C-)İlk Derece Mahkemesi Kararı: İlk derece mahkemesince; davanın menfi tespit istemli bir dava oluşu ve İİK 72/3 maddesi kapsamı birlikte değerlendirilerek, icra takibinden sonra açılan menfi tespit davalarında tedbir yoluyla takibin durdurulmasına karar verilemeyeceğinden bu nitelikli talebin reddine, ancak takibe konu alacağın %15 i teminat yatırıldığında Bakırköy …İcra Müdürlüğü … Esas sayılı takip dosyasının vezneye yatırılan paranın alacaklıya ödenmesinin tedbiren durdurulmasına karar verildiği görülmüştür.
İLERİ SÜRÜLEN İSTİNAF SEBEPLERİ: Kararı davacı yan istinaf etmiş; sahteciliğe dayalı menfi tespit davasında HMK 209. Maddeye göre teminatsız olarak icra takibinin durdurulmasına karar verilmesi gerekirken İİK 72/3 e göre ihtiyati tedbir kararı verildiğini, reddedilen talepleri yönünden kararın kaldırılarak HMK ya göre teminatsız ihtiyati tedbir kararı verilmesini talep ve istinaf etmiştir.
DELİLLERİN TARTIŞILMASI VE GEREKÇE: Dava ;menfi tespit davası olup; istinaf edilen husus ihtiyati tedbirin İİK 72/3. Maddeye göre teminat karşılığı ve vezneye yatacak paranın alacaklısına ödenmesinin önlenmesi şeklinde verilmesinden ibarettir. İnceleme, 6100 sayılı Hukuk Muhakemeleri Kanunu’nun(HMK) 355. maddesi hükmü uyarınca istinaf dilekçelerinde belirtilen sebeplerle sınırlı olarak ve kamu düzenine aykırı hususların olup olmadığı gözetilerek yapılmıştır.

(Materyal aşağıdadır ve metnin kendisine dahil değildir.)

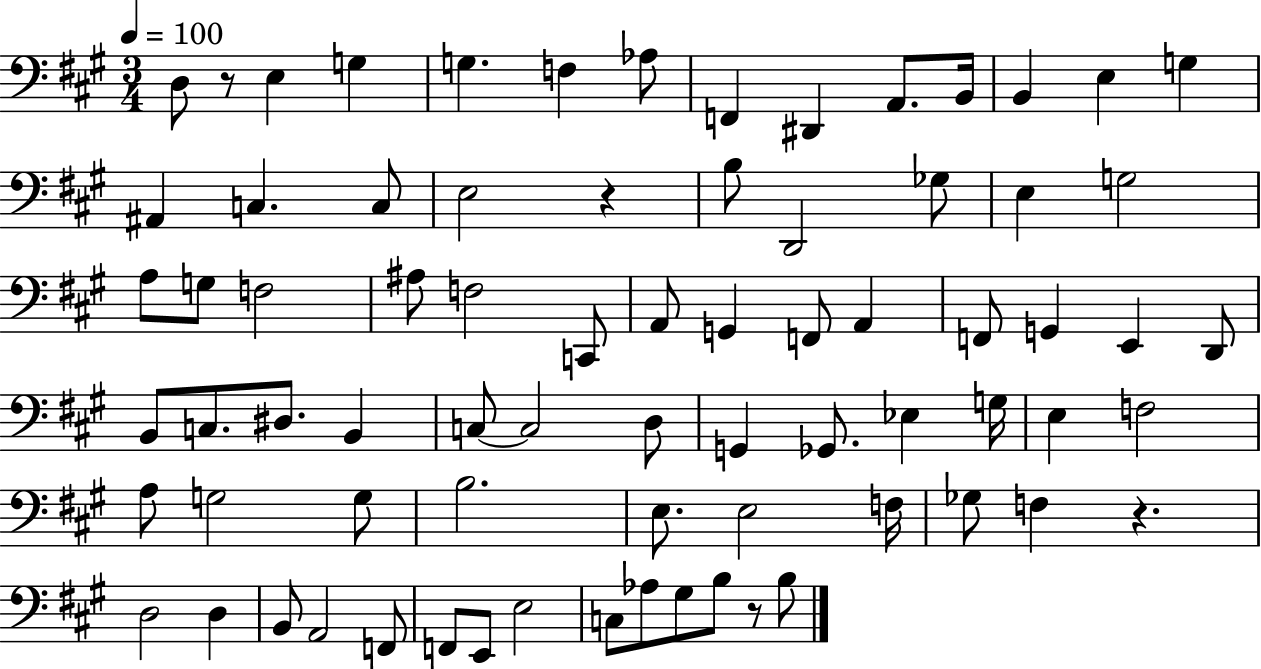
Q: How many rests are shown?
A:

Her ne kadar davacı vekilince sahtecilik iddiasıyla açılan eldeki davada HMK’nun 209.maddesi uyarınca tedbir kararının teminatsız verilmesi gerektiği ileri sürülmüş ise de, eldeki dava İİK’nun 72.maddesi uyarınca açılan menfi tespit davasıdır. İİK’nun 72.maddesi, HMK’nun 209.maddesine göre daha özel bir düzenleme içerdiğinden, mahkemece ihtiyati tedbir kararı nedeniyle teminat alınmasına karar verilmesi usul ve yasaya uygundur.

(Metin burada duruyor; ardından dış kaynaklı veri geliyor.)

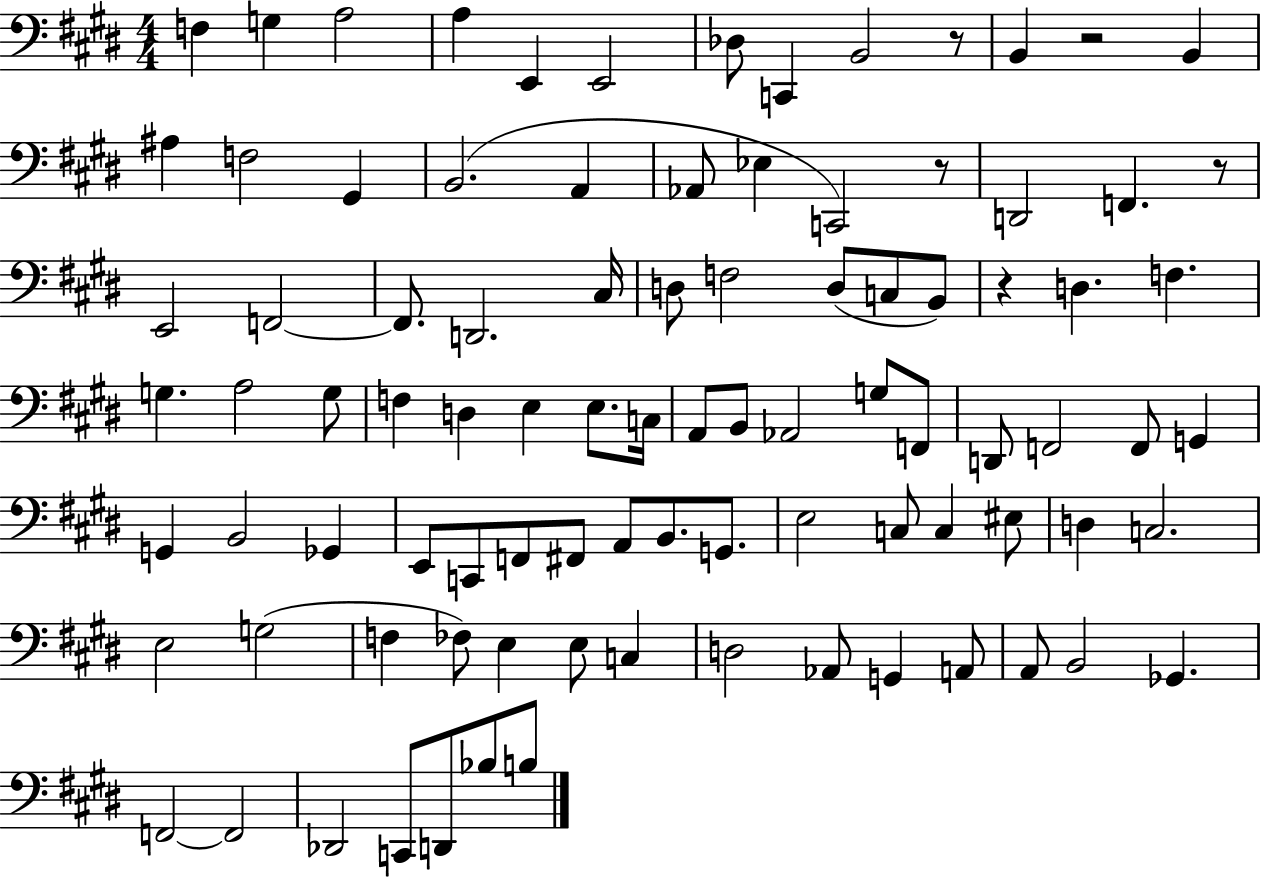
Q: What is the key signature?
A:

H Ü K Ü M:Yukarıda açıklanan gerekçe ile 1 – Davacı yanın istinaf başvurusunun HMK 353/1-b-1 maddesi gereğince ESASTAN REDDİNE 2- Harç peşin alınmış olmakla ayrıca alınmasına yer olmadığına 3-Davacı tarafından yapılan istinaf yargılama giderlerinin davcı yan üzerinde bırakılmasına 4- İnceleme duruşmasız olarak yapılmış olmakla ücreti vekalet tayin ve takdirine yer olmadığına Dair ; dosya üzerinde yapılan inceleme sonucu HMK 362/1-f maddesi gereğince KESİN olmak üzere 28/12/2020 tarihinde ve oy birliği ile karar verildi.